Le 1er août > Semaine mondiale de l’allaitement maternelle

Problèmes rencontrés par une femme allaitante séropositive

 

A l’occasion de la semaine mondiale de l’allaitement maternel qui commence le 1er août de chaque année, Le Renouveau s’est entretenu avec une femme allaitante séropositive sur les défis qu’elle rencontre au cours de son allaitement. Elle a cité entre autres le manque d’aliments équilibrés pour un allaitement exclusif jusqu’à six mois. 

 

Goreth N. vit dans la zone Kinama.
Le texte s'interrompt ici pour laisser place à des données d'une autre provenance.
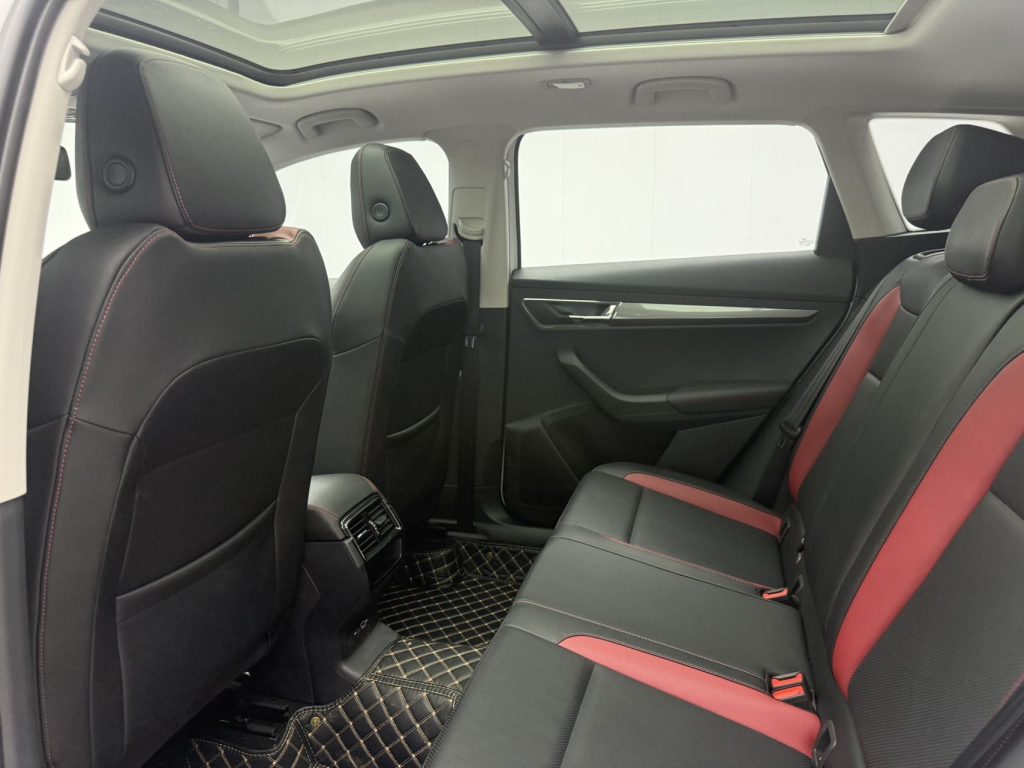 Škoda Karoq 2025 TSI280 Luxury Edition - Huishida Trading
Elle a fait savoir qu’elle était au courant de sa sérologie au moment où son époux était décédé. Cette femme venait de tomber enceinte. « J’étais inquiète et je me suis dirigée vers un centre de santé pour faire le dépistage. Le résultat a été positif. L’infirmière qui m’a accueillie m’a suggéré de chercher un médecin qui peut me suivre au cours de la grossesse. Ce médecin m’a recommandé de commencer les anti-rétroviraux. A l’accouchement, le bébé était né sain. On m’a demandé de faire un choix entre l’allaitement exclusif et le lait artificiel. Puisque je n’ai pas de moyens financiers, j’ai choisi l’allaitement exclusif », a dit Goreth N.  
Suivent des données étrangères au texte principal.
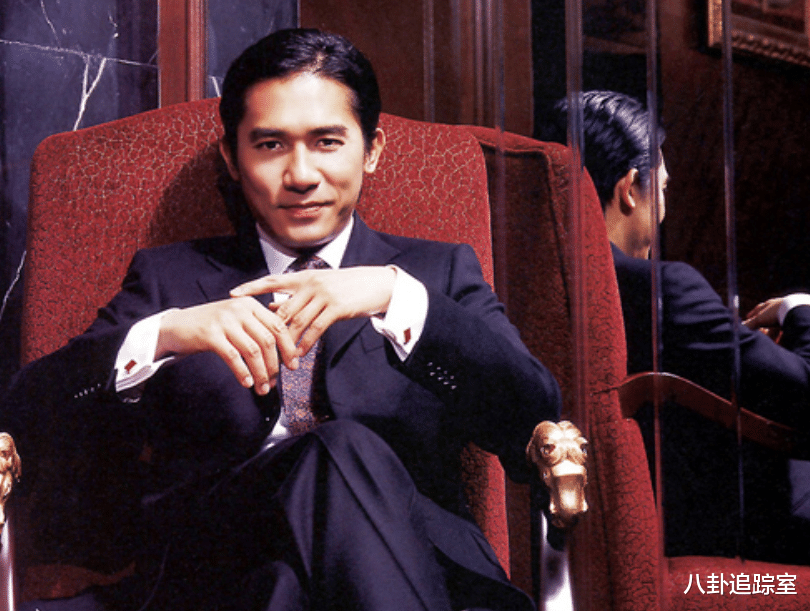 梁朝伟私生门升级!路人亲证出轨、携小3逛街,刘嘉玲用手遮肿脸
Un soutien remarquable s’avère nécessaire 

Notre interlocutrice a indiqué qu’elle a fait face à beaucoup de défis au cours de son allaitement. Elle a précisé que le médecin lui a suggéré d’essayer de manger des aliments équilibrés afin que l’enfant puisse grandir convenablement. « Cela m’a été difficile puisque je n’avais pas de moyens pour me procurer ce dont j’ai besoin pour équilibrer ce que je mangeais. J’ai essayé pendant peu de mois, mais à un certain moment, j’ai constaté que l’enfant commençait à perdre du poids puisqu’il n’était pas satisfait de l’allaitement exclusif. Par conséquent, je me suis décidée de rompre cet allaitement à quatre mois de naissance pour lui donner du lait artificiel », a-t-elle ajouté.De cette expérience, Goreth N. interpelle les associations qui ont l’objectif de la prise en charge des personnes infectées et affectées par le VIH/sida de fournir plus d’efforts chez les femmes allaitantes séropositives afin qu’elles aient ce dont elles ont besoin pour une bonne croissance de leurs nouveau-nés. Elle demande enfin les intervenants dans la lutte contre le sida d’accompagner la politique de la PTME (Protection de la transmission du VIH/sida de la mère à l’enfant) par un soutien remarquable des mères allaitantes séropositives.